| How to complete this task |
Using the entries below, restate word for word only the lines from the one with "(Viperidae: Crotalinae) Adult" to the final line, leaving the pictures out.

Stored data:
_____

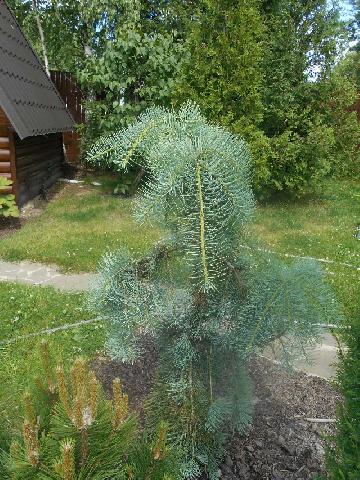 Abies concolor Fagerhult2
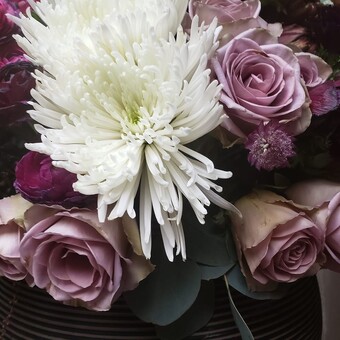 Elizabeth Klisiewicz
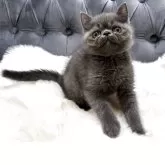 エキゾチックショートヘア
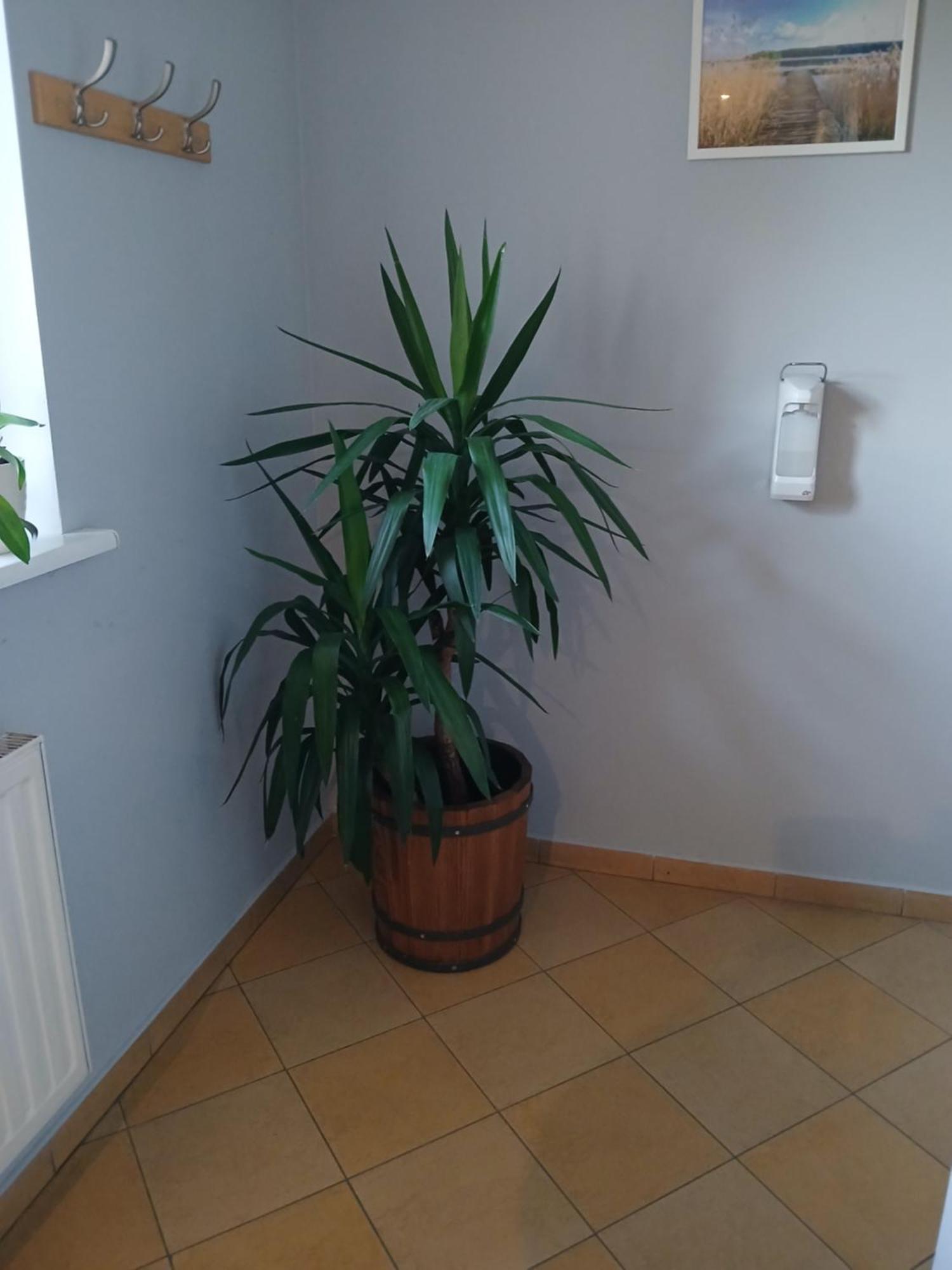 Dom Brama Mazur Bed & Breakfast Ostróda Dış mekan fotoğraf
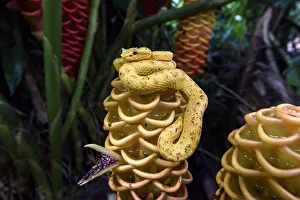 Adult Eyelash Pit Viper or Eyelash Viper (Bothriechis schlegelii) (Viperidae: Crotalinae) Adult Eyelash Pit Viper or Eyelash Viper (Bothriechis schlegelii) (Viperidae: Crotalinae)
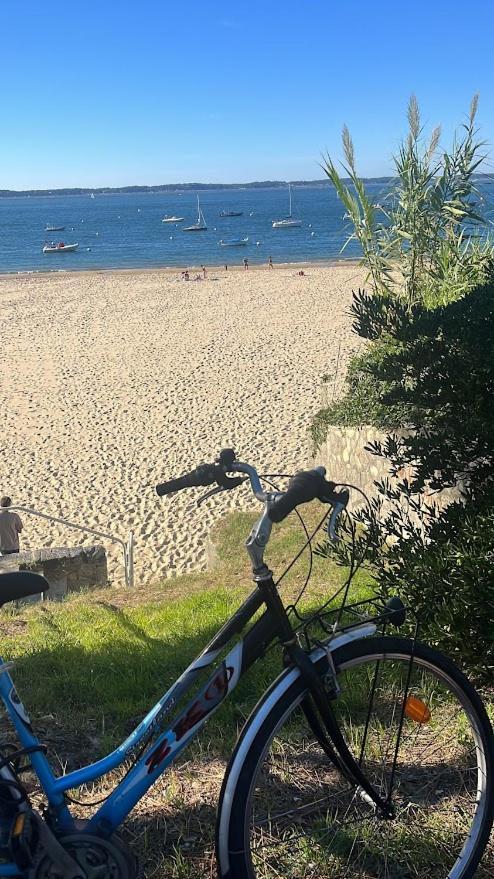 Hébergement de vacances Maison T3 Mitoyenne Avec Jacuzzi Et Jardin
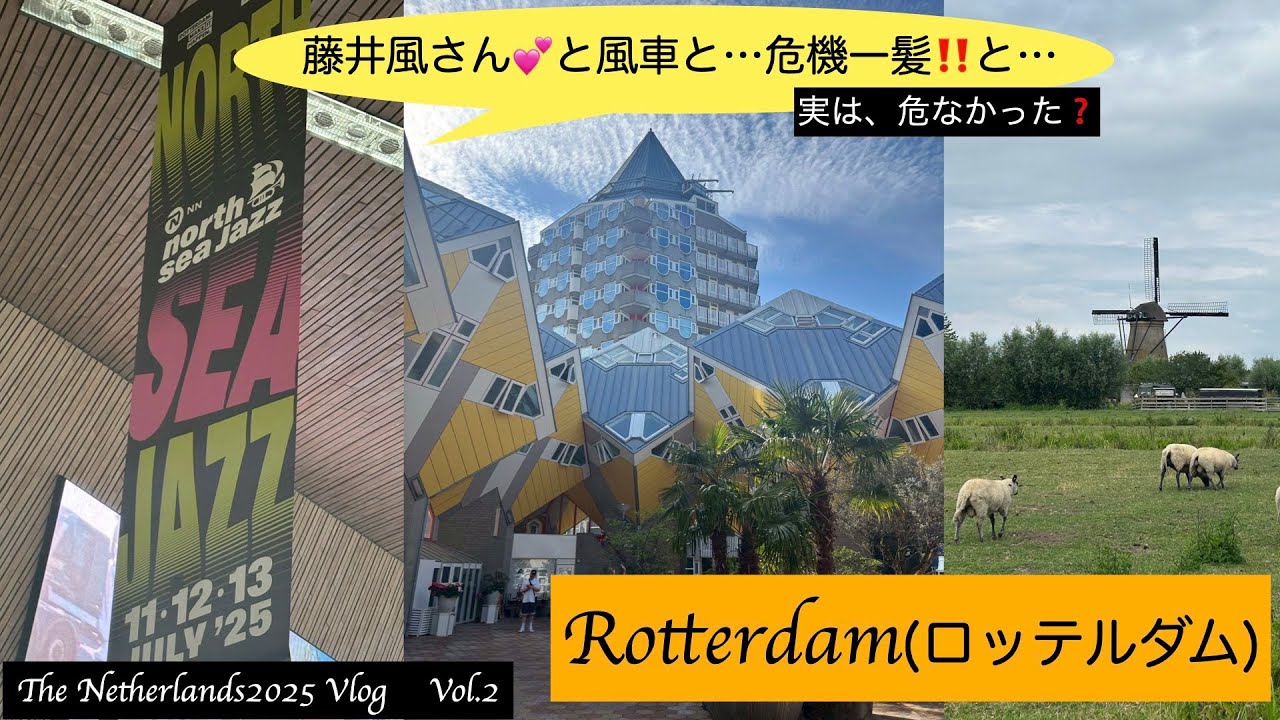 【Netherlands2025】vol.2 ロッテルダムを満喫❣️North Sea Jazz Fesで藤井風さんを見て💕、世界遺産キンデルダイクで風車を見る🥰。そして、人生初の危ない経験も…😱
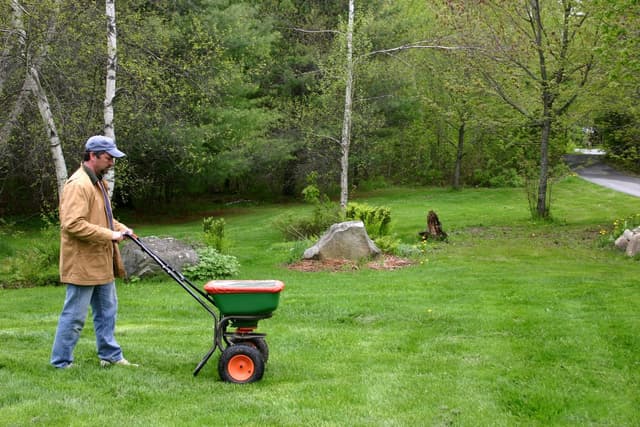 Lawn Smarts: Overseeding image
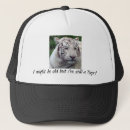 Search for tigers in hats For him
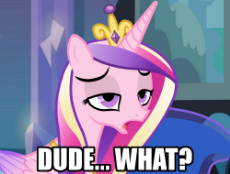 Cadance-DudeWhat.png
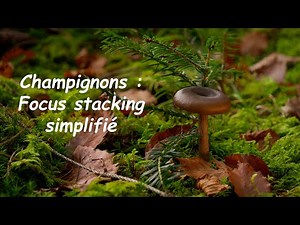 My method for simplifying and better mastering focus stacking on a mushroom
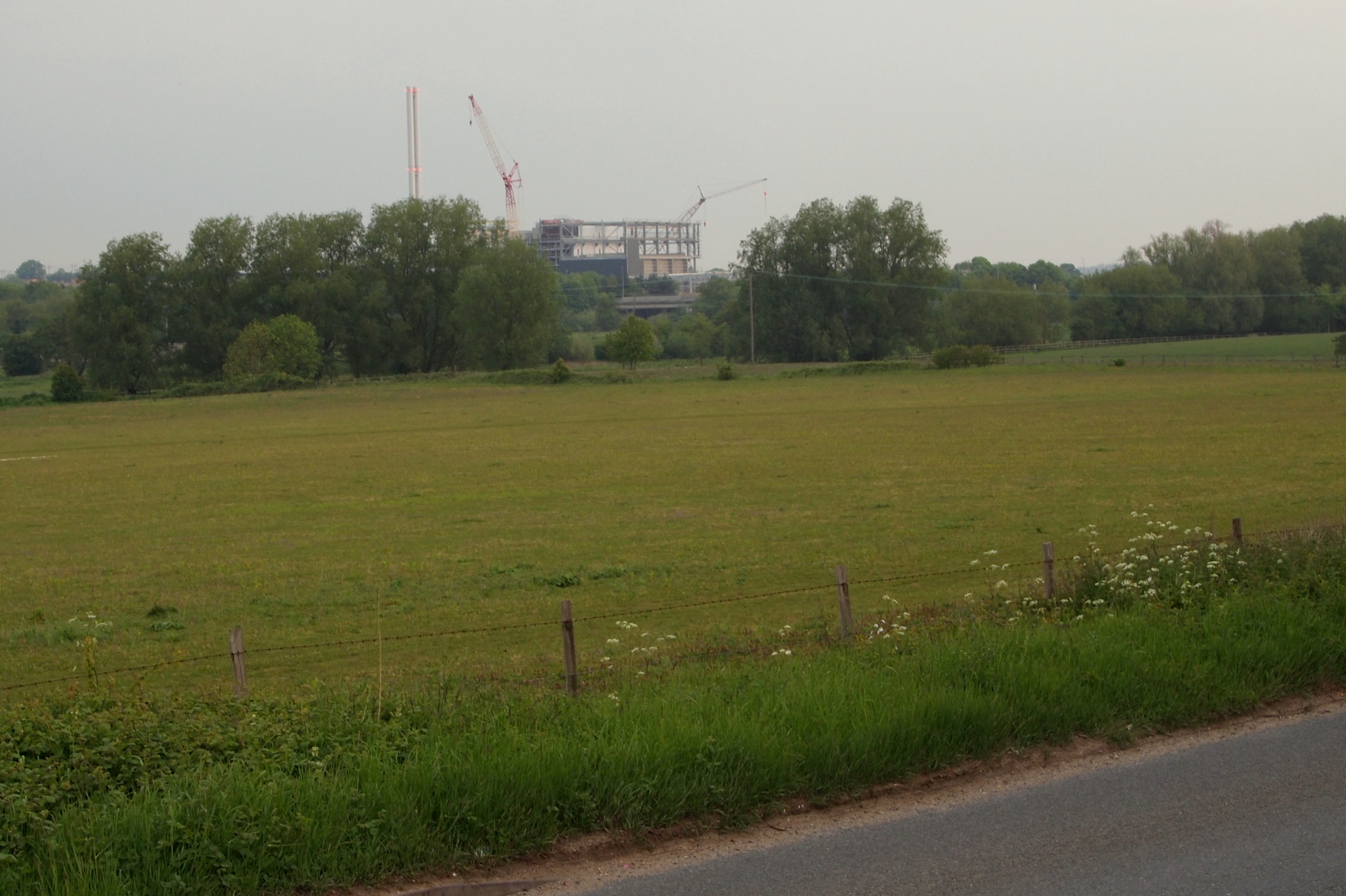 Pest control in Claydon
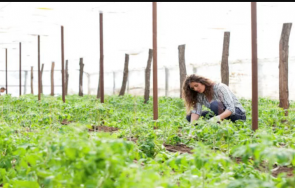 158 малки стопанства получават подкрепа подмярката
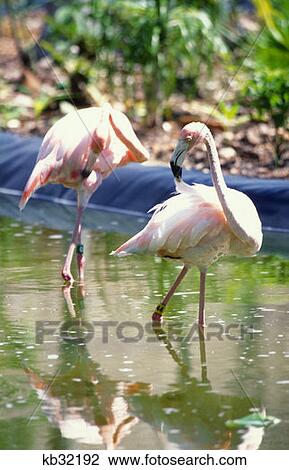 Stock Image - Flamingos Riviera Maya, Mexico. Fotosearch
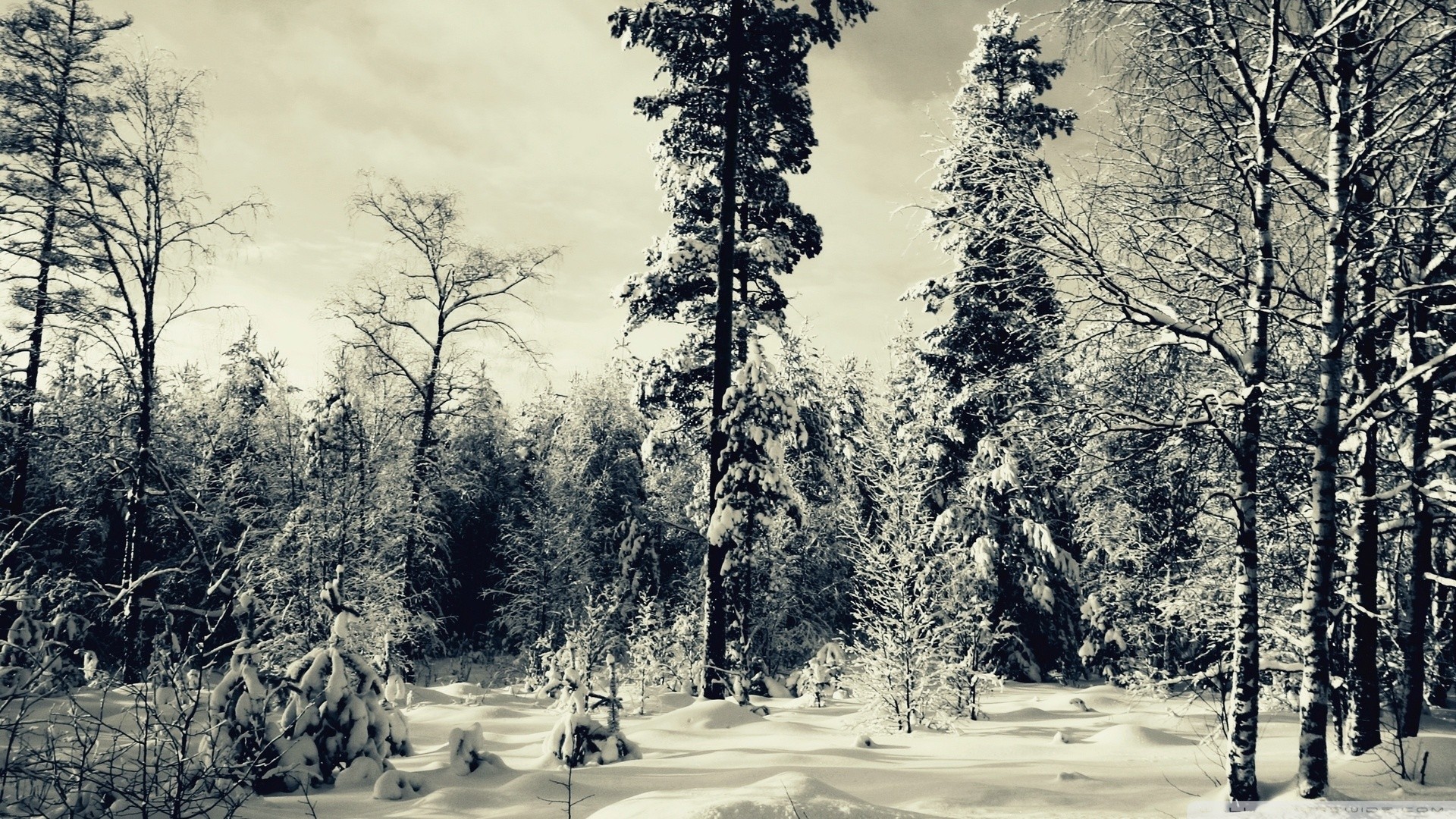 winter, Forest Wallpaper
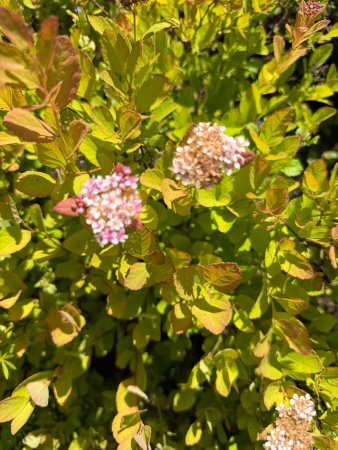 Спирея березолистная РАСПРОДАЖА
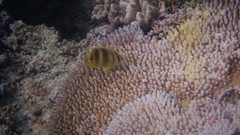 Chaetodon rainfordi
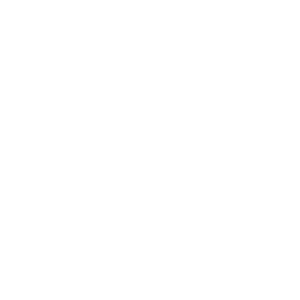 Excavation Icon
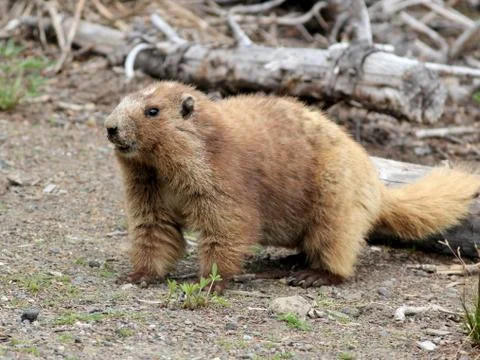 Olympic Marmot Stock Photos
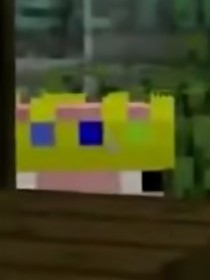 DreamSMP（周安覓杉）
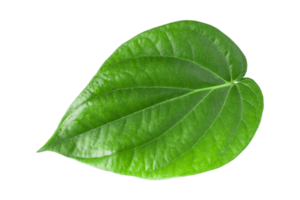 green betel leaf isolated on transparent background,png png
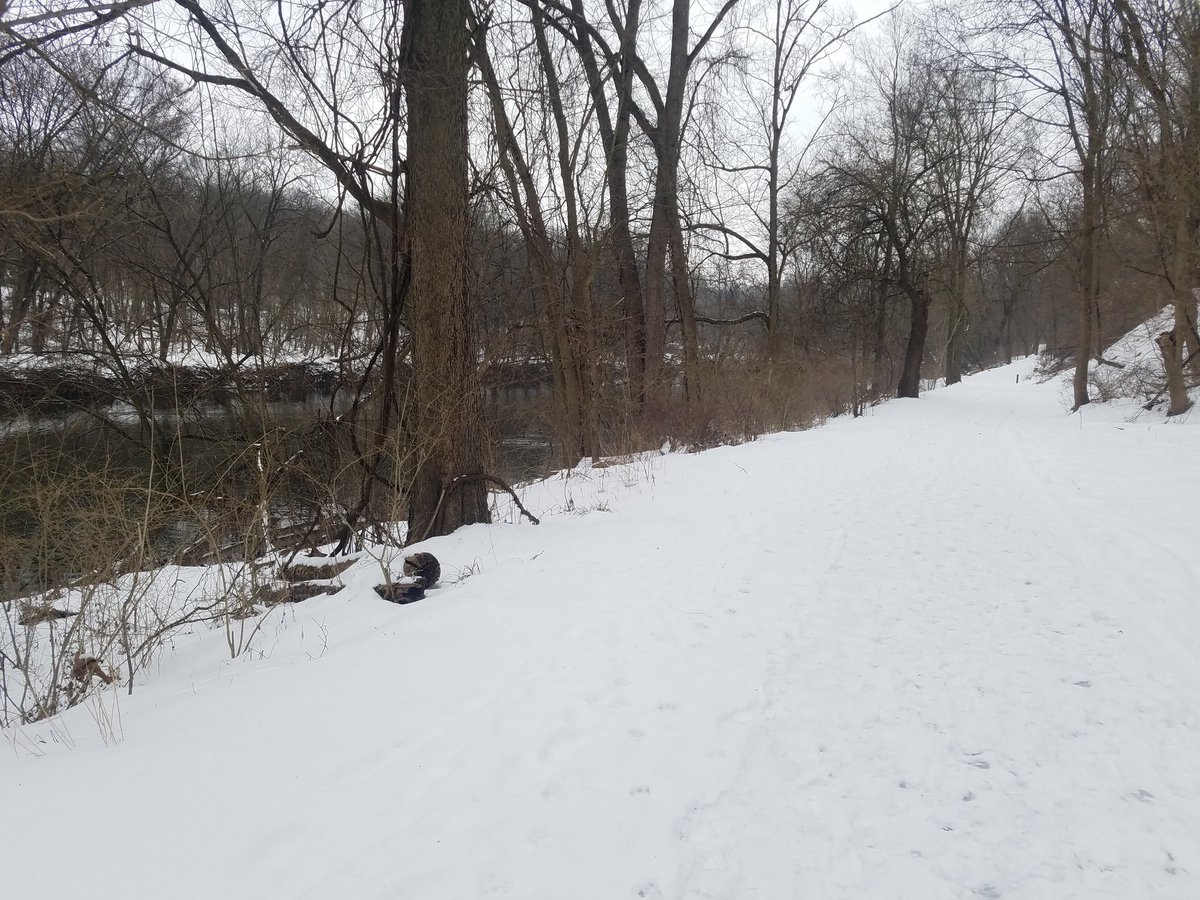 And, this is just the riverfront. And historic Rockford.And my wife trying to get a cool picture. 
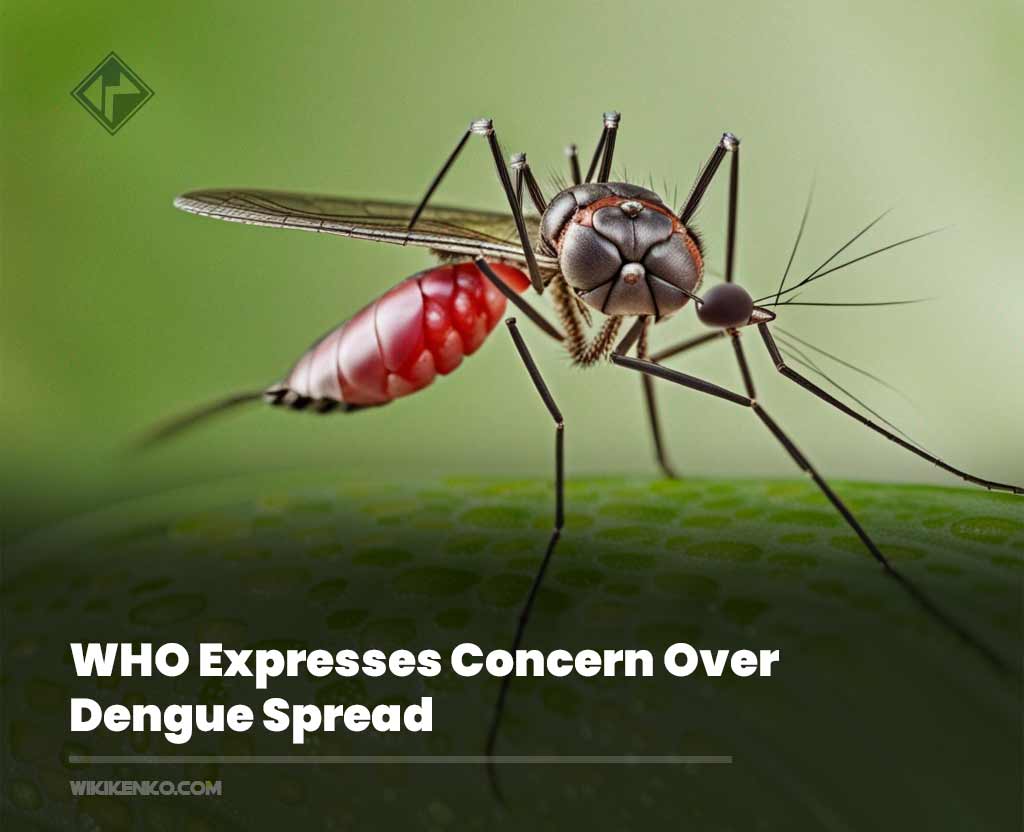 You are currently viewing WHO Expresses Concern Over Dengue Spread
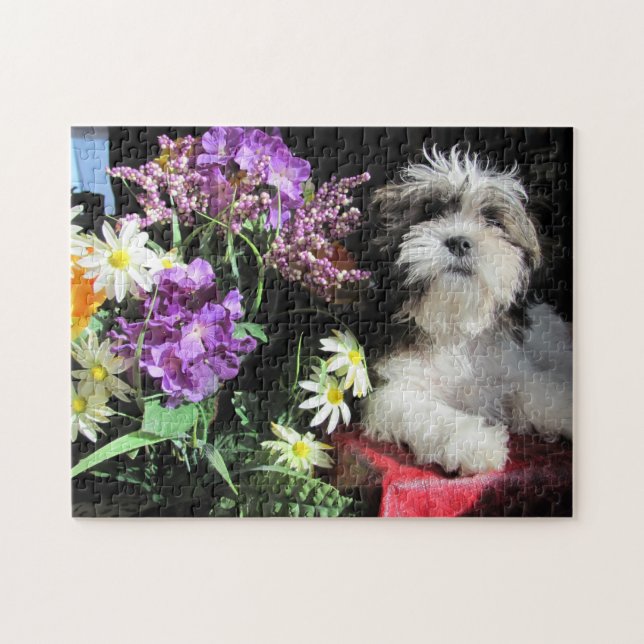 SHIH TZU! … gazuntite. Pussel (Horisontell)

_____

| Result of this task |
 Adult Eyelash Pit Viper or Eyelash Viper (Bothriechis schlegelii) (Viperidae: Crotalinae) Adult Eyelash Pit Viper or Eyelash Viper (Bothriechis schlegelii) (Viperidae: Crotalinae)
 Hébergement de vacances Maison T3 Mitoyenne Avec Jacuzzi Et Jardin
 【Netherlands2025】vol.2 ロッテルダムを満喫❣️North Sea Jazz Fesで藤井風さんを見て💕、世界遺産キンデルダイクで風車を見る🥰。そして、人生初の危ない経験も…😱
 Lawn Smarts: Overseeding image
 Search for tigers in hats For him
 Cadance-DudeWhat.png
 My method for simplifying and better mastering focus stacking on a mushroom
 Pest control in Claydon
 158 малки стопанства получават подкрепа подмярката
 Stock Image - Flamingos Riviera Maya, Mexico. Fotosearch
 winter, Forest Wallpaper
 Спирея березолистная РАСПРОДАЖА
 Chaetodon rainfordi
 Excavation Icon
 Olympic Marmot Stock Photos
 DreamSMP（周安覓杉）
 green betel leaf isolated on transparent background,png png
 And, this is just the riverfront. And historic Rockford.And my wife trying to get a cool picture. 
 You are currently viewing WHO Expresses Concern Over Dengue Spread
 SHIH TZU! … gazuntite. Pussel (Horisontell)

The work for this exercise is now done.